Aggression in school-age children may be because they witnessed violence between their mothers and partners when they were three-year-old or younger, a new study has found.

Megan Holmes, assistant professor of social work at the Jack,Joseph and Morton Mandel School of Applied Social Sciences atCase Western Reserve in Cleveland, said that people may think children that young are passive and unaware, but they pay attention to what's happening around them.



Megan Holmes said researchers know the impact of recent exposure to violence, but little information has been available about the long-term effect from the early years of life.

Megan Holmes analyzed the behaviour of 107 children exposed to intimate partner violence (IPV) in their first three years but never again after age 3. The outcomes of those children were compared to 339 children who were never exposed.

Those studied were from the National Survey of Child and Adolescent Well-Being (NSCAW), which included children reported to Child Protective Services for abuse or neglect. The children's behaviour was followed four times over the course of 5 years.

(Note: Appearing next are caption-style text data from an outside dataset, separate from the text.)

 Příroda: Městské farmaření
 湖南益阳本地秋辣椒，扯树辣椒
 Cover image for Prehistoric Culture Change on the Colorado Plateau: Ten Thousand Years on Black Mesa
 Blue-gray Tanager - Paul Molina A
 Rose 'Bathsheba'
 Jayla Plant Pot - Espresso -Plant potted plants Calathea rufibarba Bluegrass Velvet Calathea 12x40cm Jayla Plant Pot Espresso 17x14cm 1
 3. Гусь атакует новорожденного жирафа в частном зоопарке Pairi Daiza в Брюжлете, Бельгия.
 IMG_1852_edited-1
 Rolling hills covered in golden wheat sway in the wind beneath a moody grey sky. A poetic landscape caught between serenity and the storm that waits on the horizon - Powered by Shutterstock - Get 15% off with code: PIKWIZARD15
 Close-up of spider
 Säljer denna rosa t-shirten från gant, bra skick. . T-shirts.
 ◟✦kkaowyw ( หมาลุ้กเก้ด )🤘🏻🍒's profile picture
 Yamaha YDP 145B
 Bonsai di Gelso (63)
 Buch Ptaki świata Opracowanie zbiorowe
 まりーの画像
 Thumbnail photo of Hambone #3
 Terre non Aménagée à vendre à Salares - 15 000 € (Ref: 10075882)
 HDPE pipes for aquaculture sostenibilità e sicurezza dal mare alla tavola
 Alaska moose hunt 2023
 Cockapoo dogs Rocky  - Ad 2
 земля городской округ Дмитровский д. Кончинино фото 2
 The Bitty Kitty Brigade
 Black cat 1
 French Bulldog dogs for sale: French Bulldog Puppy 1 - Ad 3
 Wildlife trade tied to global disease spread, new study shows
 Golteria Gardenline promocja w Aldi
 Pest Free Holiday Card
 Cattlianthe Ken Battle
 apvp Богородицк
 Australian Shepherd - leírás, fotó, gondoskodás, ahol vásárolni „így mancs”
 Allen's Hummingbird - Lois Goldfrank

Megan Holmes's research examined the timing, duration and nature of their exposure to violence and how it affected aggressive behaviour.

Analyzing aggressive behaviours, Holmes saw no behavioural differences between those who did or did not witness violence between the ages of 3 and 5, but children exposed to violence increased their aggression when they reached school age. And the more frequently IPV was witnessed, the more aggressive the behaviours became.

Meanwhile, children never exposed to IPV gradually decreased in aggression.